Data for the task Start Marker

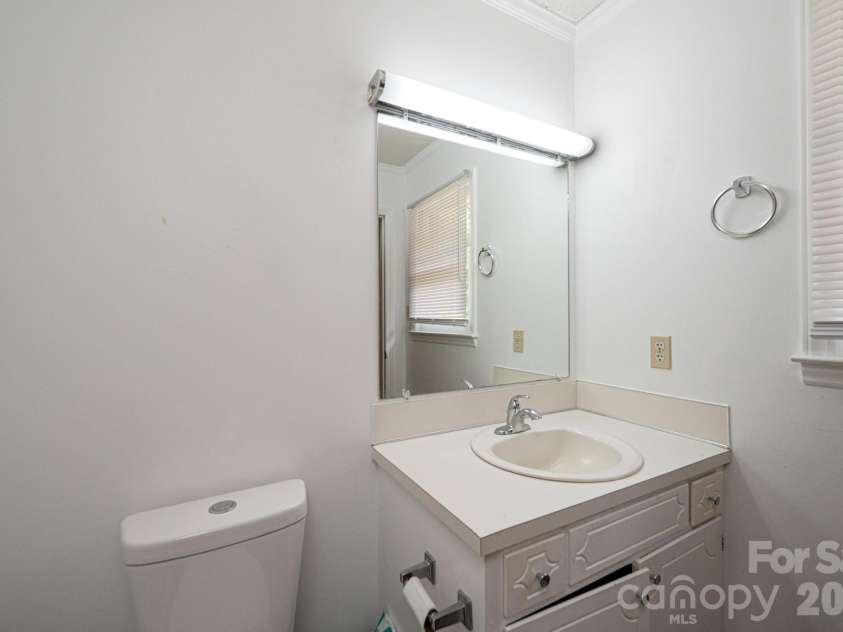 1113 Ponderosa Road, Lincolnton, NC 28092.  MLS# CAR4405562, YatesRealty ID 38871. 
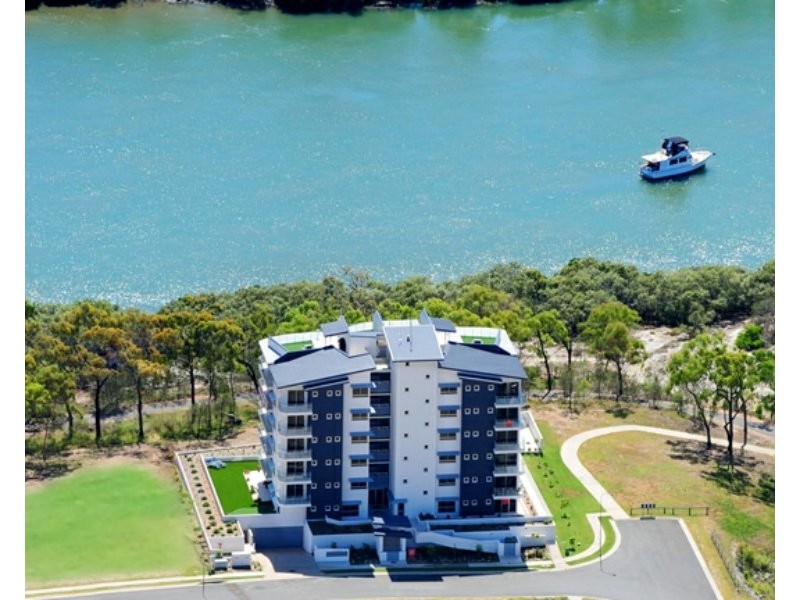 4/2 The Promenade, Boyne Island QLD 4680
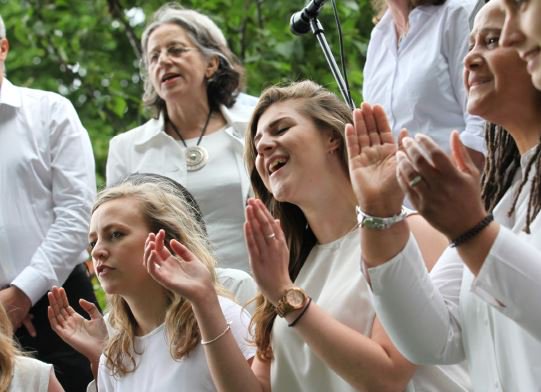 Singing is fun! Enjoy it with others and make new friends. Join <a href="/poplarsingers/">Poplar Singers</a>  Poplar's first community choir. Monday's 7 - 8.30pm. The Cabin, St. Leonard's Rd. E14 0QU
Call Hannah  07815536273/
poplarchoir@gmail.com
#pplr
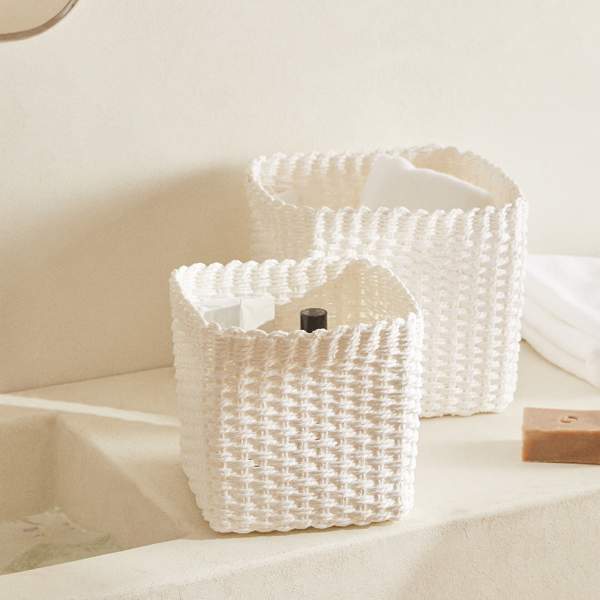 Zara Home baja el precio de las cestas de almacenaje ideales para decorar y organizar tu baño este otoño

Data for the task End Marker

#### Task brief
From the first line to the last, set down the records exactly, leaving out images.

#### Reply to the task
 1113 Ponderosa Road, Lincolnton, NC 28092.  MLS# CAR4405562, YatesRealty ID 38871. 
 4/2 The Promenade, Boyne Island QLD 4680
 Singing is fun! Enjoy it with others and make new friends. Join <a href="/poplarsingers/">Poplar Singers</a>  Poplar's first community choir. Monday's 7 - 8.30pm. The Cabin, St. Leonard's Rd. E14 0QU
Call Hannah  07815536273/
poplarchoir@gmail.com
#pplr
 Zara Home baja el precio de las cestas de almacenaje ideales para decorar y organizar tu baño este otoño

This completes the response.